Perubahan iklim ekonomi, kenaikan harga yang tidak akan pernah turun, telah membuat pengukuran akuntansi menggunakan prinsip historical cost menjadi mulai dipertanyakan. Sudah lama kritikan pengukuran akuntansi dengan prinsip ini dipertanyakan oleh pelaku pasar modal. Penurunan kandungan sumber daya alam seiring meningkatnya populasi manusia sebagai makluk utama di muka bumi ini yang ikut andil dalam penurunan potensi sumber daya alam tersebut, telah membuktikan bahwa penurunan harga sangat sulit terjadi ataupun harga yang stabil. Penggunaan Historical cost dalam pengukuran akuntansi lambat laun menjadi tidak relevan lagi. Hasil pengukuran dengan prinsip ini tidak up to date,.. informasi akuntansi yang dihasilkan akan menjadi tidak ada gunanya. Informasi akuntansi lambat laun apabila tidak dilakukan perubahan dalam prinsip pengukuran akan ditinggal pergi oleh pengguna. Kalaulah hal ini terjadi, timbul pertanyaan, untuk apa akuntan?

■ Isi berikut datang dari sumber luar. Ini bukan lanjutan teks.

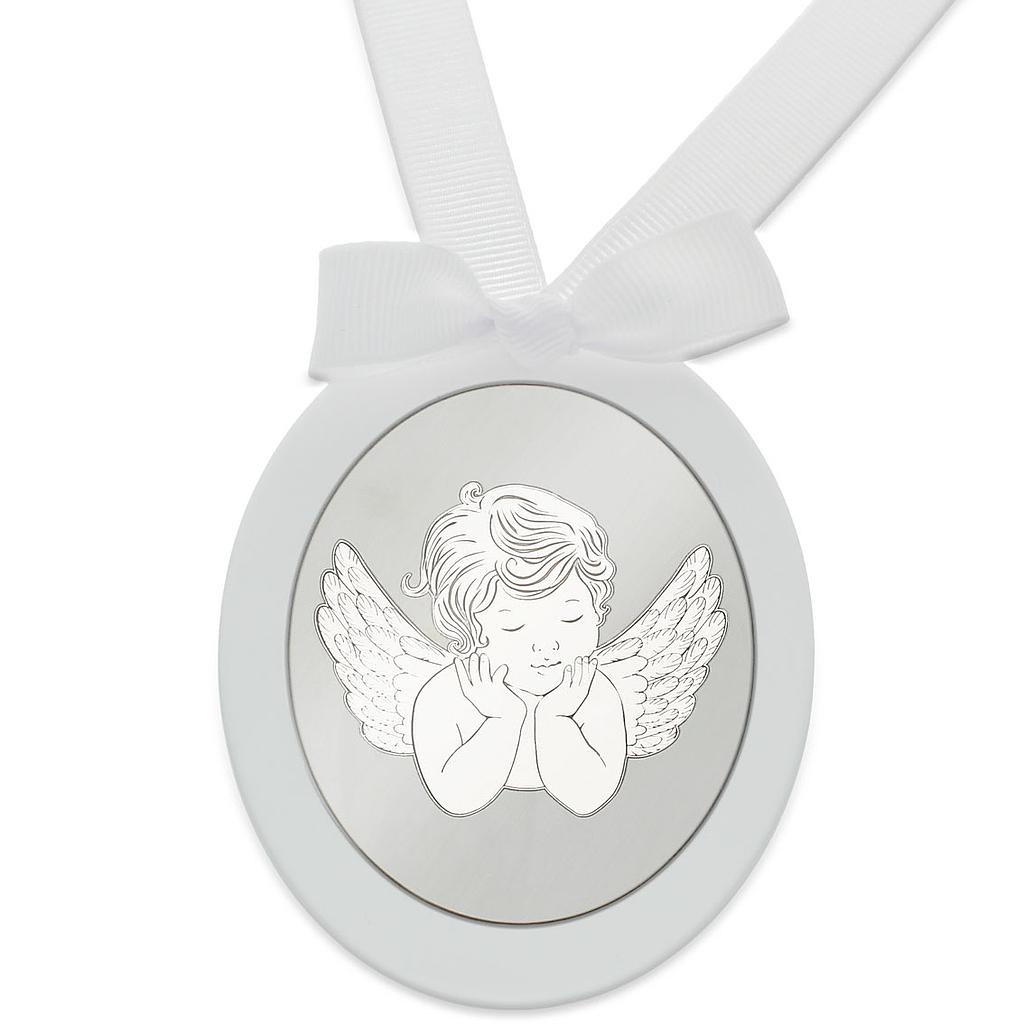 MEDALLA CUNA PLATA 925MM OVALADA ANGEL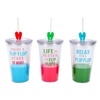 Insulated Tumblers With Flexible Straws - Flip Flop Theme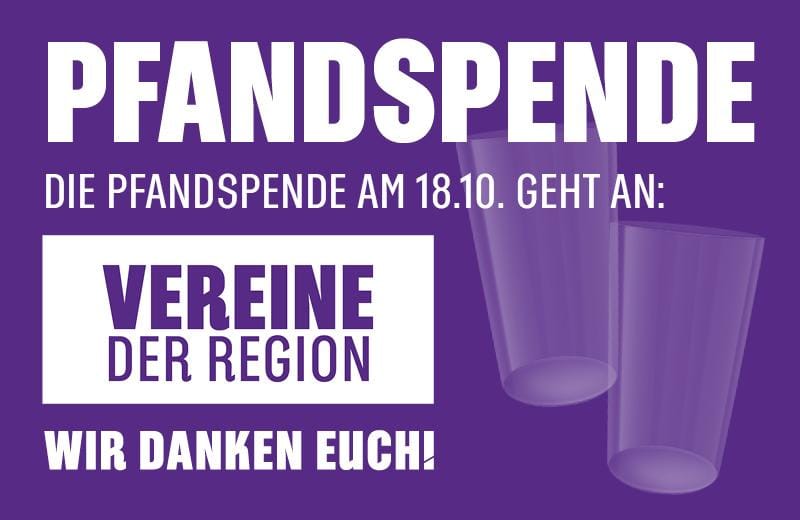 Becherpfandspende an Vereine der Region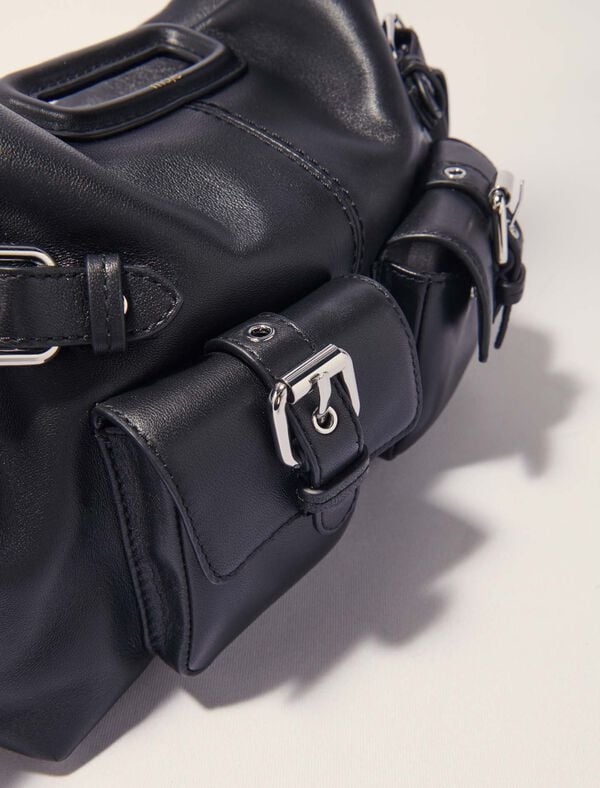 Maje Sac Miss M Cargo En Cuir Noir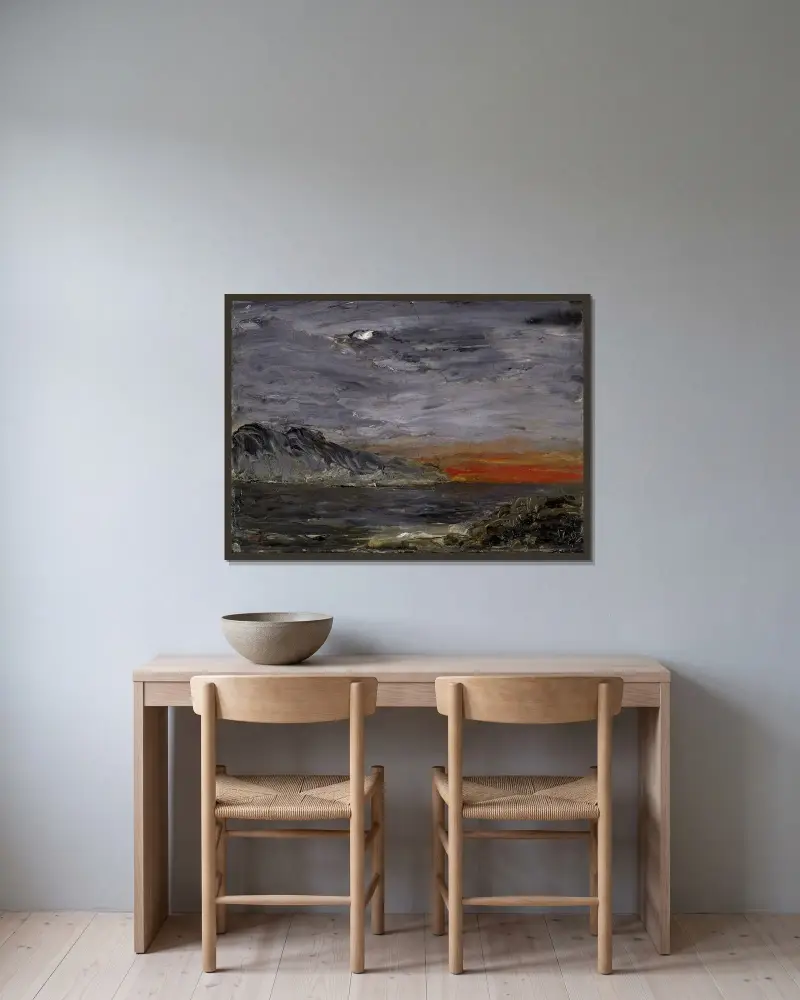 Sunset von August Strindberg gerahmt an einer Wand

Dalam standar akuntansi indonesia, konsep pengukuran aset, utang dan ekuitas dicantumkan dalam Kerangka Dasar Dalam Penyusunan Laporan Keuangan yang dikenal dengan singkatan KDDPLK yang merupakan bagian dari isi Standar Akuntansi Indonesia (SAK). Dalam pengukuran aset, menganut konsep multiple measurement. Artinya pengukuran aset tidak hanya satu konsep pengukuran saja dalam hal ini historical cost, tetapi dapat juga menggunakan current cost, future value, net realizable value, market value, dan replacement cost. Untuk Aktiva tetap, dalam PSAK 16 yang lama, pengukuran aktiva tetap masih menggunakan historical cost. Tentu saja pengukuran ini tidak relevan lagi dengan kondisi sekarang. IAI melalui Kompartemen Standar Akuntansi, telah melakukan revisi PSAK 16 (revisi 2007) tentang aktiva tetap. Revisi terutama terkait dengan dasar pengukuran aktiva tetap, dapat menggunakan dua alternatif yaitu cost base atau fair value base. Cost base digunakan dengan mengacu pada harga historis (saat perolehan aset tersebut), sedangkan fair value base mengacu pada harga sekarang dari aset tetap tersebut. Masing-masing alternatif pengukuran aset di laporan keuangan memberikan konsekwensi ekonomi yang berbeda bagi perusahaan, manajemen, investor dan kreditor.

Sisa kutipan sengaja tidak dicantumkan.